Sem interlocução com o mundo da produção e das finanças, o governo teve de apelar para o presidente da Câmara, Arthur Lira, para convencer Skaf da suspensão da divulgação. Esse papel caberia a Paulo Guedes. No limite, a outro membro da equipe econômica, mas o desarranjo institucional causado por Bolsonaro lacrou os canais de diálogo.
Verdade, as palavras empregadas no texto dos empresários foram extremamente prudenciais. Dificilmente poderia ser diferente, por representar a média do pensamento do setor privado. Mas nele há segmentos bem mais assertivos, como atestam a posição da Febraban e o manifesto dos agronegócios. Esse, sem meias palavras na defesa dos 30 anos de democracia e da alternância do poder.
O pano de fundo do descolamento é, por um lado, a crise econômica, e por outro, a radicalização de Bolsonaro. A deterioração das expectativas decorre de erros cometidos pela equipe de Guedes, mas também da instabilidade política gerada pela escalada radical do presidente, que poderá saltar de patamar no Sete de Setembro se ele persistir na mesma toada.
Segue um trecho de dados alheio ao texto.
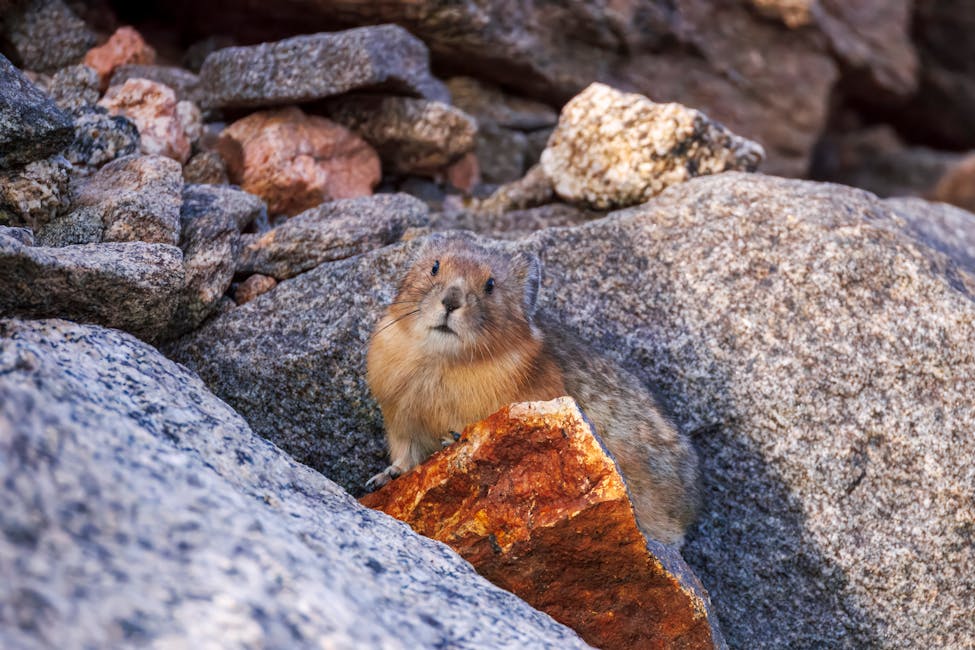 Small pika sitting on rocky mountain terrain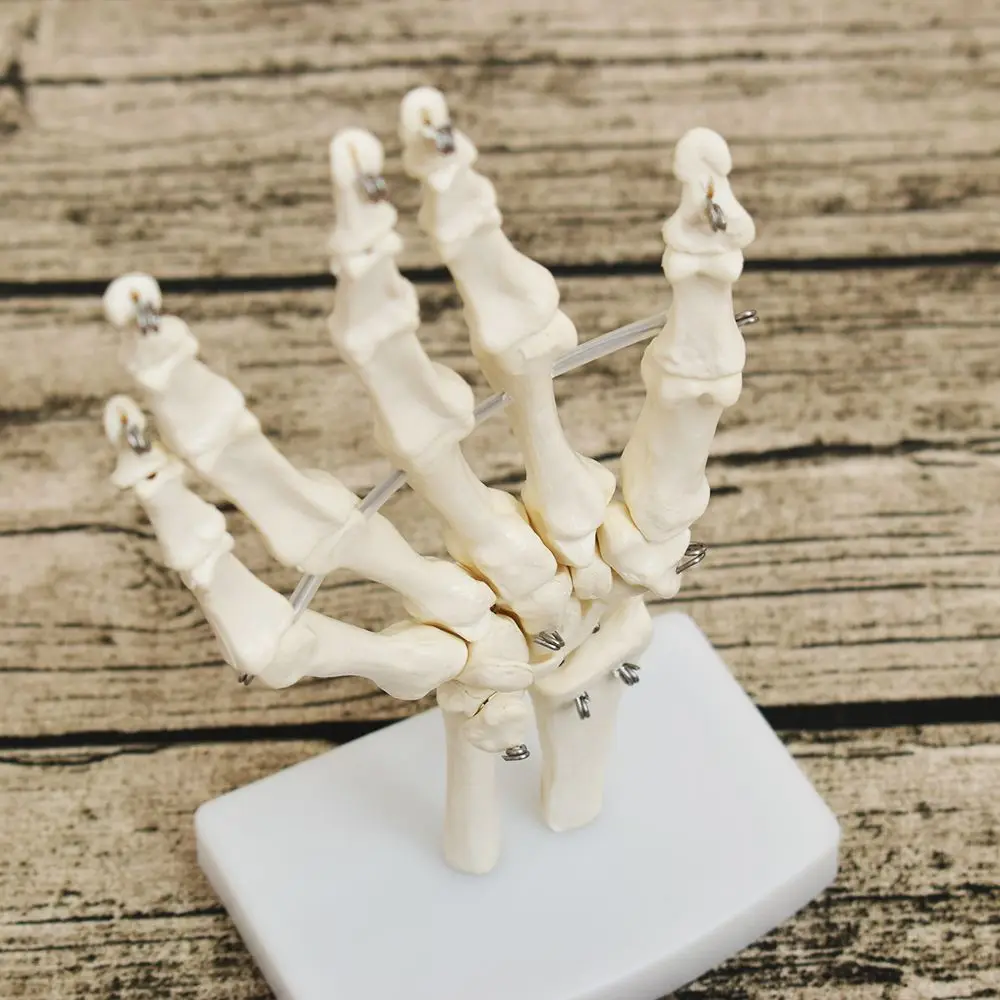 Human Hand Joint Anatomical Skeleton Model Medical Science Health Life Useful Medical Science For Teaching Resources
Human Hand Joint Anatomical Skeleton Model Medical Science Health Life Useful Medical Science For Teaching Resources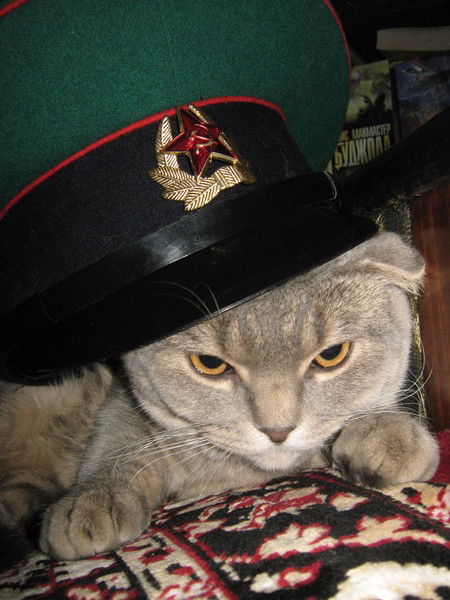 Игорь Харламов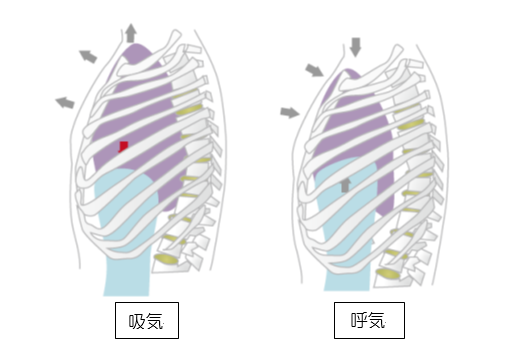 呼吸の仕組みの理解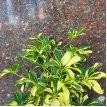 Aralia Schefflera Trinette 3LT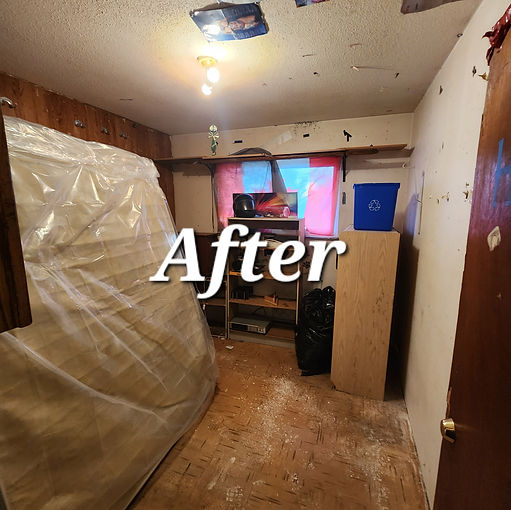 After Picture in Nanaimo of Bed Bug Mattress Removal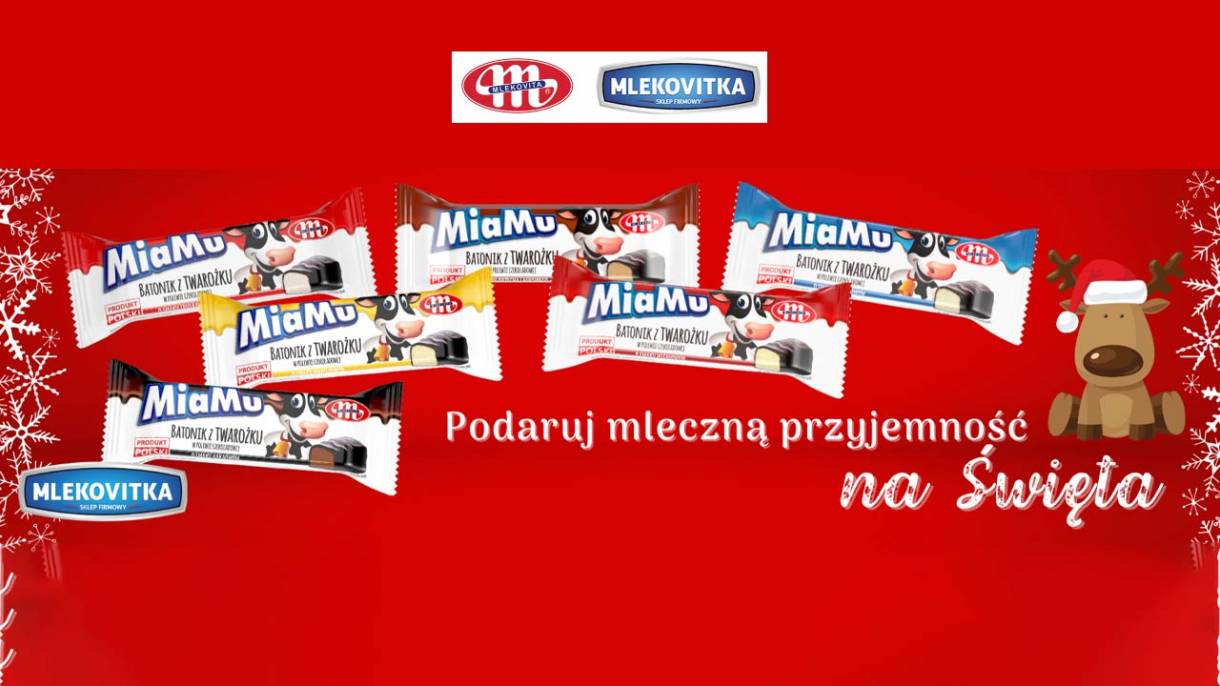 Świąteczny sernik z polskiego sera od MLEKOVITY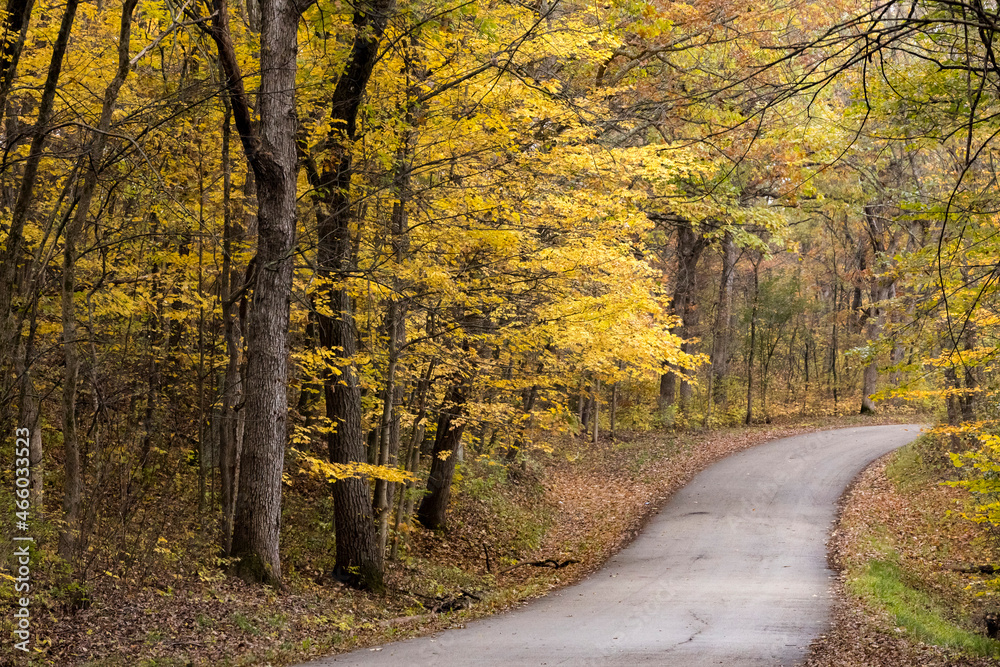 A narrow woodland road with bright yellow sugar maple leaves in the autumn A narrow woodland road with bright yellow sugar maple leaves in the autumn
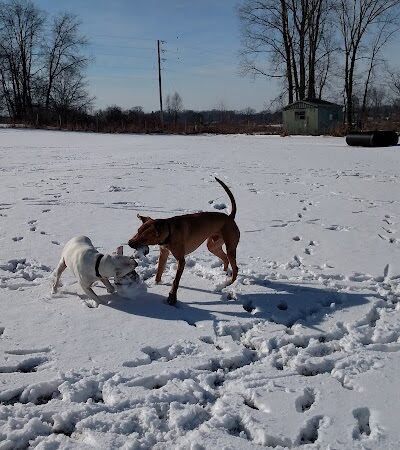 Peppy Paws Pooch Park, LLC - Ashland, OH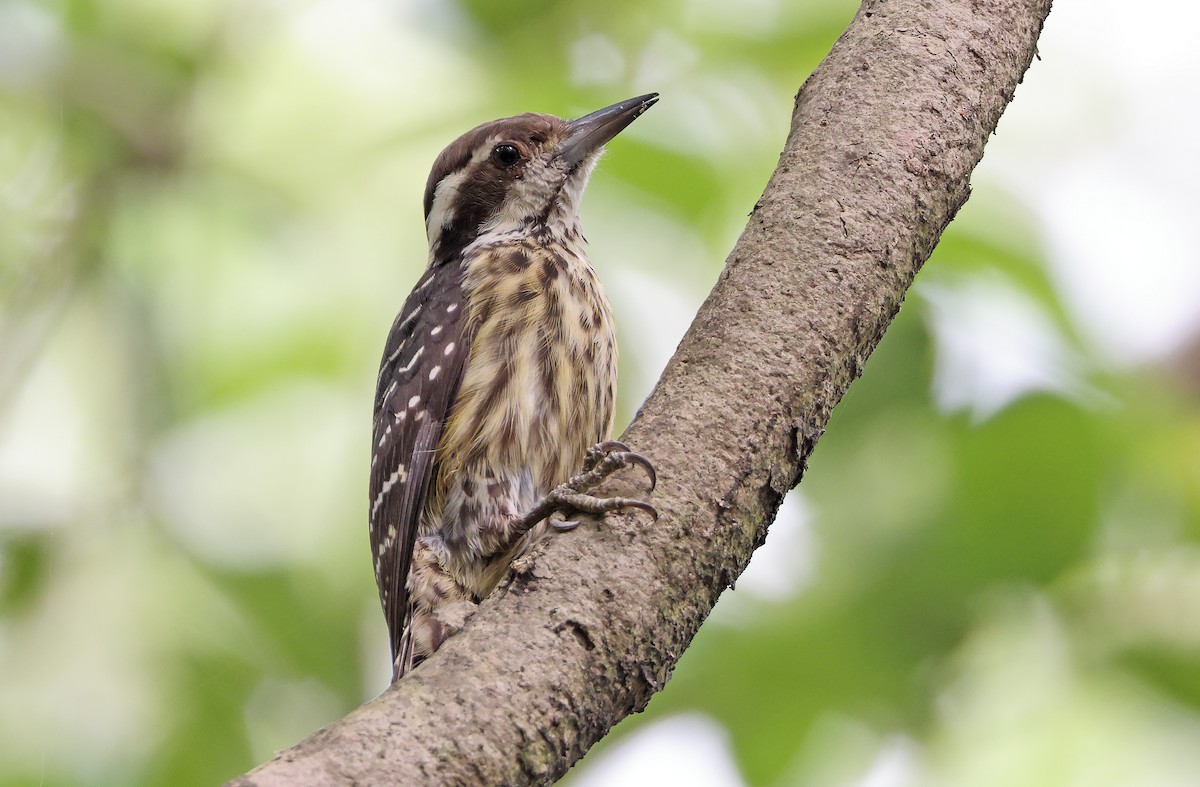Philippine Pygmy Woodpecker - ML381137111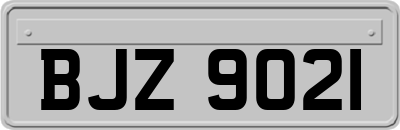 BJZ9021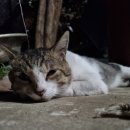 구례주유소 | 순천 맛집 한우영농조합법인 황전 한우 정육식당 추천 부위 차돌박이 등심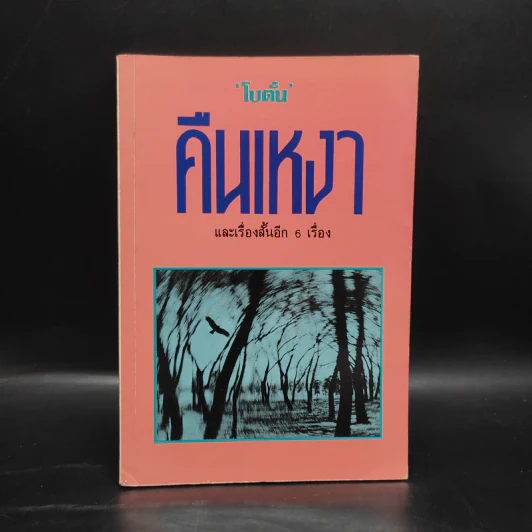 คืนเหงา - โบตั๋น รูปที่ 1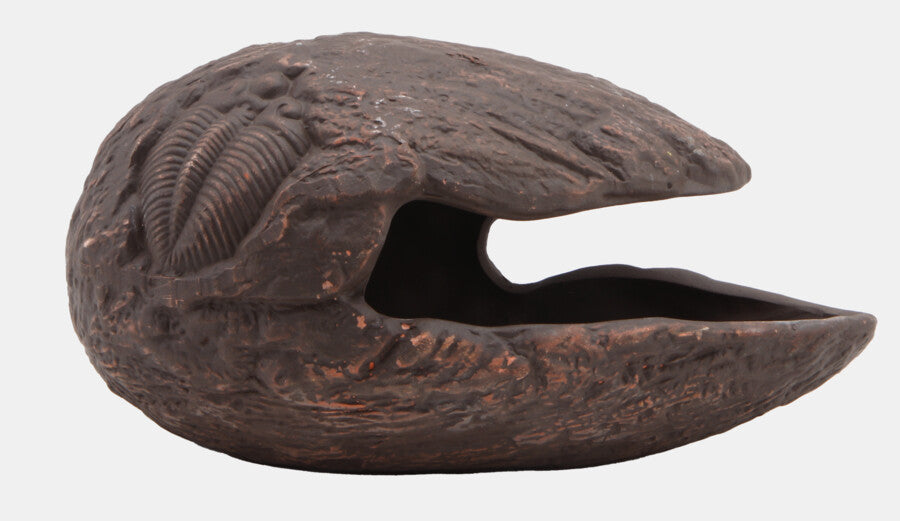 Repto - Deco Cocoon Brown L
O ex-presidente Castello Branco dizia que “é fácil entrar numa ditadura, difícil é sair dela”. Isso pode ter sido verdade nos anos 60, nos tempos da guerra-fria e de um Brasil menos complexo. Bolsonaro deve estar descobrindo que já não é tão fácil assim. A sociedade brasileira sofisticou-se de lá para cá.
O país conta com estruturas civis articuladas e ativas. Sua economia é extremamente integrada à mundial, o arcabouço institucional construído na Constituição de 1988 tem se demonstrado resiliente, apesar dos pesares. E os freios e contrapesos próprios de uma sociedade organizada em um Estado de Direito Democrático não se limitam apenas aos aparelhos do Estado. A eles somam-se uma imprensa consciente do seu papel e organizações civis, formando aquilo que Gramsci chamou de Estado ampliado, existente no mundo ocidental.
Bolsonaro está sentindo agora o grau de resiliência desse Estado ampliado. Talvez por isso venha modulando o tom das manifestações de 7 de Setembro. Se antes entendia os atos do Dia da Independência como uma demonstração de força para avançar em sua estratégia, passou a jogar na defensiva para não tornar irreversível o consenso nacional em torno do seu impeachment.
Quanto à sua relação com o PIB, essa trincou de vez. Como o relógio corre contra o presidente, o empresariado já está em busca de um presidenciável que encarne o espírito da pacificação pregado pelo manifesto. A Praça é dos Três Poderes.
Este artigo foi originalmente publicado no Blog do Noblat, em 1º/9/2021.